Staniloae : Philocalie - Saint Antoine : apophtègme 6 : l'épreuve de la richesse
Philocalie volume 1
Les Apophtègmes de Saint Antoine le Grand
cu cît cineva are viața mai măsurată, cu atît e mai fericit, că nu se grijește de multe : de slujitori, de lucrători, de pămînturi și de avuția dobitoacelor. Căci țintuindu-ne de acestea ne vom îneca în greutățile legate de ele și vom învinui pe Dumnezeu. Iată cum din pofta noastră cea de voie se adapă moartea și cum rătăcim în întunericul unei vieți cu păcate, necunoscîndu-ne pe noi înșine.
traduction proposée
Plus l’on a une vie mesurée, plus on est heureux, en ne nous inquiétant pas de tout cela : les serviteurs, les travailleurs, les terres et les richesses des troupeaux. Car nous coinçant par cela nous nous noierons dans les difficultés qu’ils entraînent et nous blâmerons Dieu. Voilà comment de notre appétit, celui que nous voulons, s’abreuve la mort et comment nous nous égarons dans l’obscurité d’une vie de péché, ne nous connaissant pas nous-même.
Commentaire/Analyse
Saint Antoine dresse ici le portait des soucis qu’entraîne la richesse. En effet à son époque, qui a des serviteurs, des travailleurs, des terres et des troupeaux, sinon les plus riches ? Même si Antoine le Grand a vécu bien après Job, on reconnaît les traits par lesquels la Bible nous décrit la richesse de Job : les troupeaux, les domestiques, etc. Il considère que la richesse va conduire à blâmer Dieu. Il considère également dans son propos final, que la richesse nous fait passer dans une obscurité de péchés, et empêche la connaissance de soi. Analysons les propos dans l’ordre. Pourquoi les soucis de la richesse nous feraient blâmer Dieu. N’étant pas riche, je conjecture. On peut aisément imaginer que cette richesse et sa préservation va devenir l’alpha et l’oméga de la vie du riche. Et évidemment, cette préservation n’est pas acquise. Elle demande des compétences et du travail. Elle n’est pas de tout repos. Et parfois, elle amène des situations compliquées, stressantes. Mais est-ce que le riche va pour autant blâmer Dieu pour des revers de fortune ? L’affirmation est étonnante.

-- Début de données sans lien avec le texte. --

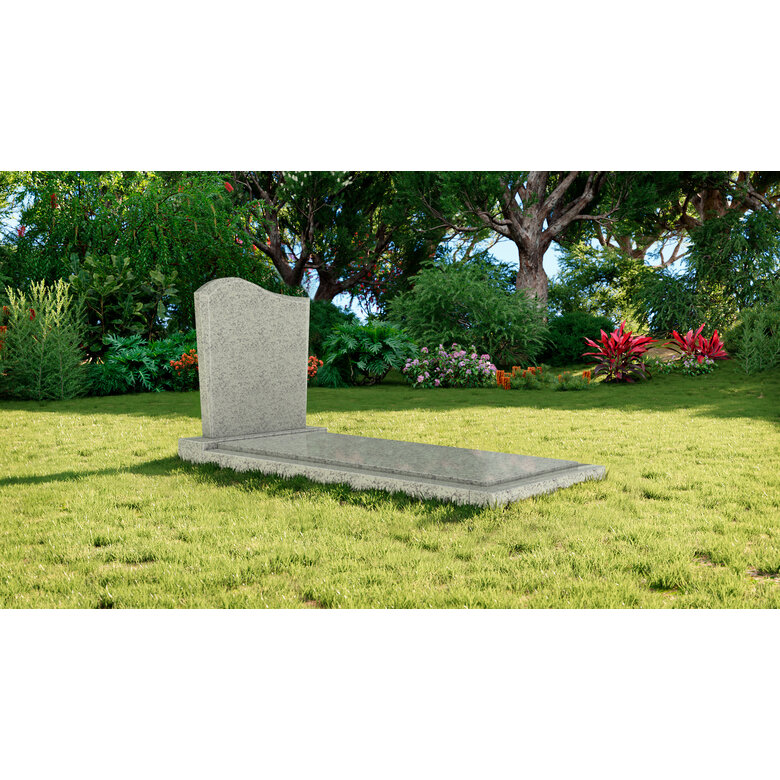 Grafsteenwinkel Staande grafsteen model 'Golf' met afdekplaat in de kleur Glittery White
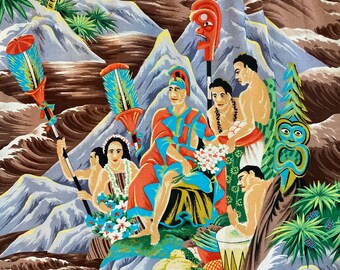 Vintage 1950's Original “pali” Eugene Savage Design Rayon Hawaiian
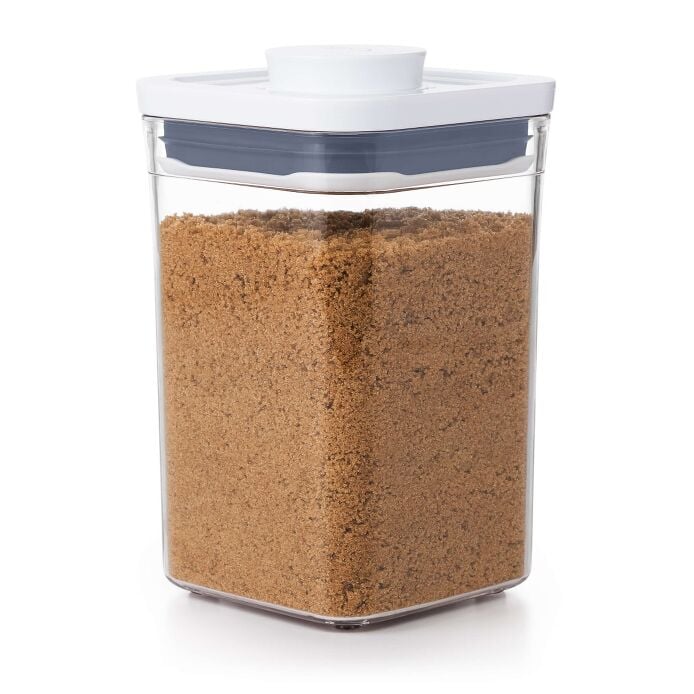OXO Good Grips Pop Container - Small Square Short, 1040ml, filled with sugar.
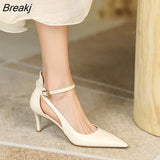 New Fashion French Fashion Ladies Pointed Toe Strap Stiletto Shoes Hollow Roman Toe Sandals Women Elegant Banquet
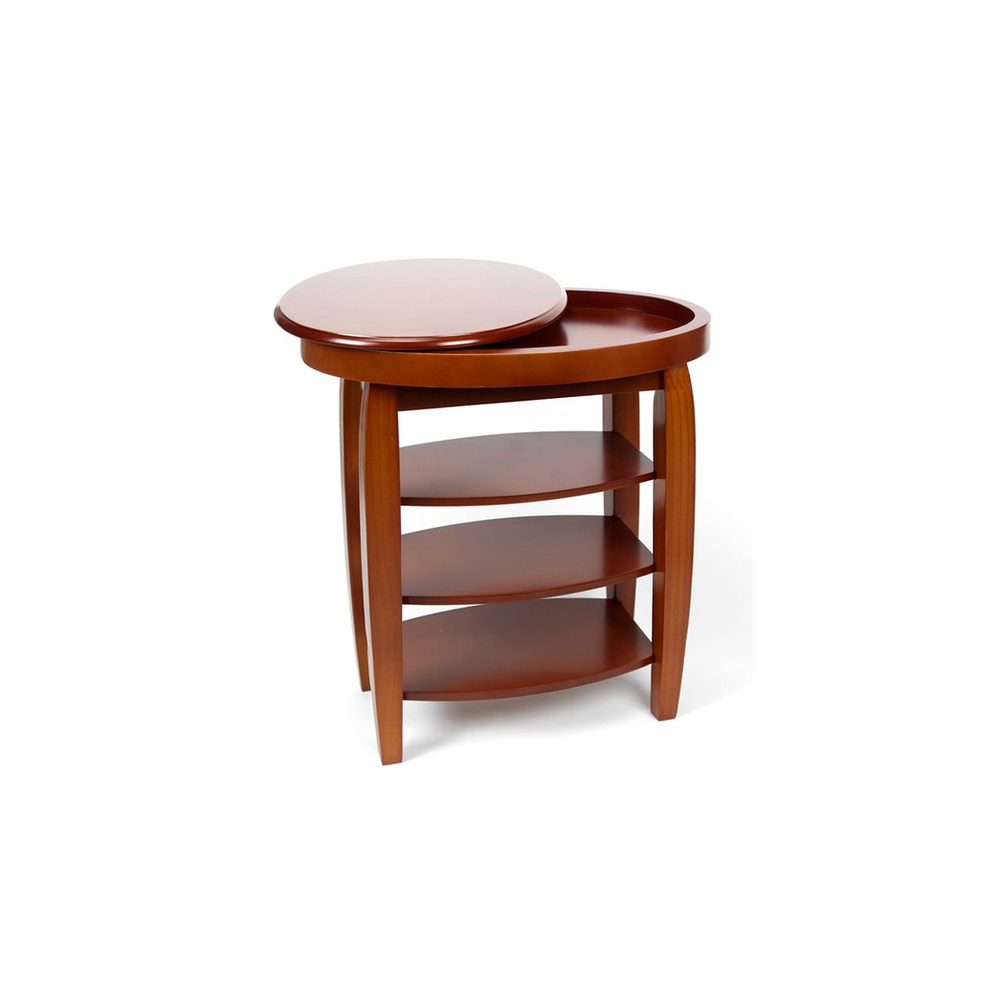 Greenhurst Swivel Top Side Table - Lt Oak - Coffee Tables Coffee Table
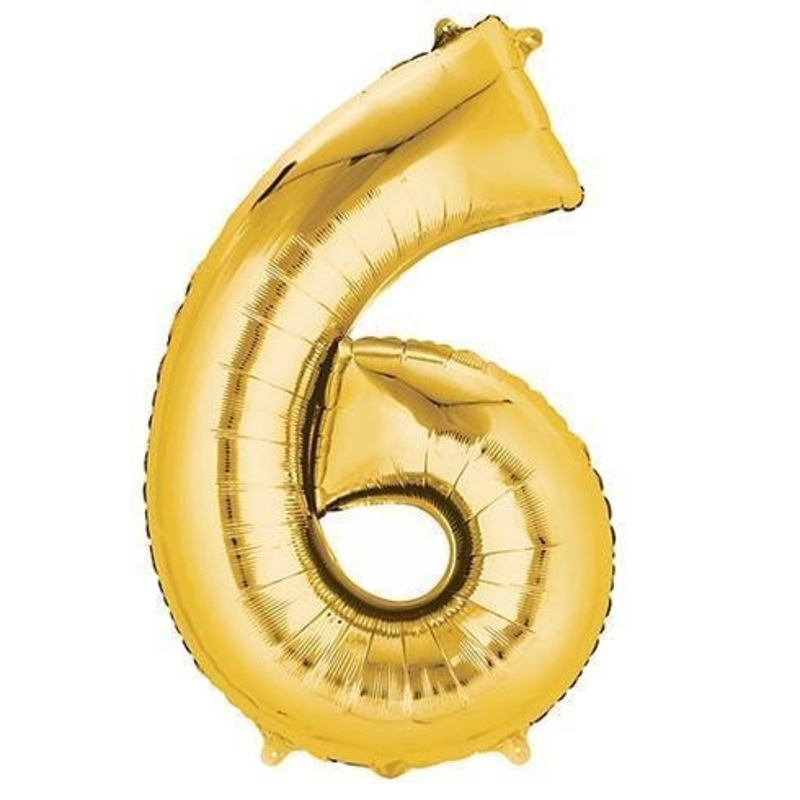 Number 6 Gold Foil Balloon 34" in each. 19658-34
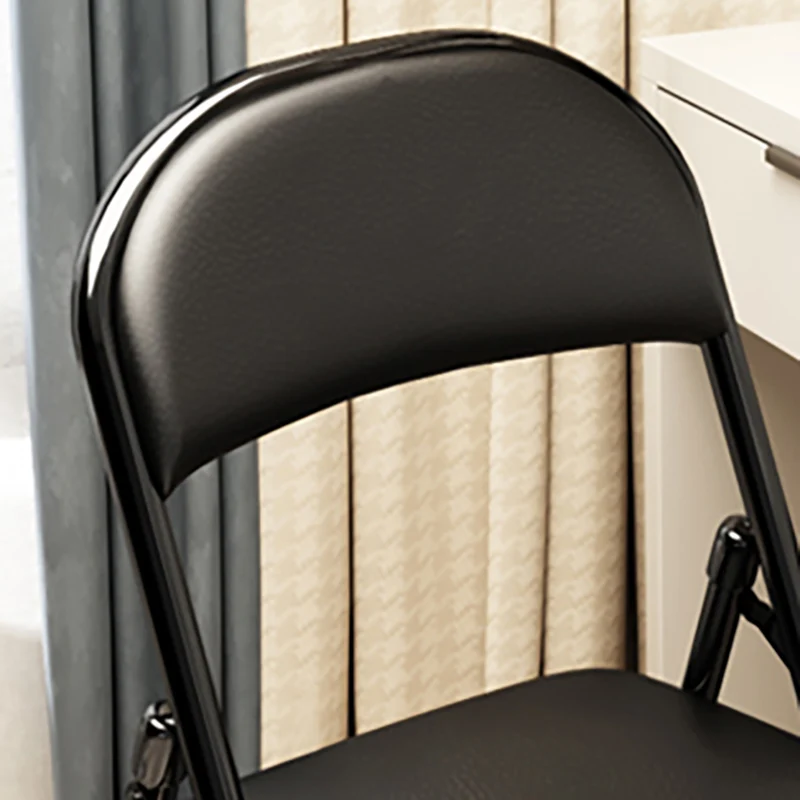 Модерни Черни трапезни столове за дневна, Удобни Сгъваеми външни столове за чакане, ергономичен дизайн и градински аксесоари за дома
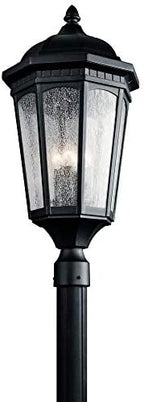 Kichler Courtyard Outdoor Post Light, Textured Black - Image 5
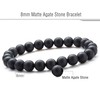 Hamoery Men Women 8mm Natural Stone Beads Bracelet Elastic Yoga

Antoine semble nous dire que les riches considèrent la richesse acquise grâce à Dieu, consciemment ou pas. Peut-être le grand inspirateur des moines veut nous enseigner que les riches se considèrent élus à la richesse par la providence. Ce qui est une approche théologique, déviante certes mais existante. On la trouve dans le judaïsme, dans le calvinisme et dans certains courants évangéliques américains sous le vocable de « prosperity gospel » (Evangile de la prospérité). Antoine nous enseigne ici, que cette vision déviante existait déjà à son époque (quatrième siècle).
Nous voyons qu’Antoine est en opposition radicale avec cette position, car il enseigne que la richesse est une forme d’obscurité. Les choses font écran avec l’essentiel. Les choses font écran avec la rationalité (voir posts précédents) à laquelle Antoine appelle chacun. En cela, Saint Antoine, le père des moines est dans la plus classique tradition orthodoxe. Saint Jean Chrysostome enseignait que la richesse est la plus grande des épreuves spirituelles. Il enseignait également qu’il n’existe pas de richesse sans crime. A la racine, à la création de la richesse, il y a toujours quelque chose qui pose problème à la justice divine. L’orthodoxie est donc relativement radicale sur ces choses-là. En même temps, ne sommes nous pas disciples de quelqu’un qui n’a jamais eu d’argent ? Mais en quoi alors la richesse nous empêche de nous connaître nous-même ? Elle nous polarise sur l’avoir alors que nous sommes appelés à être.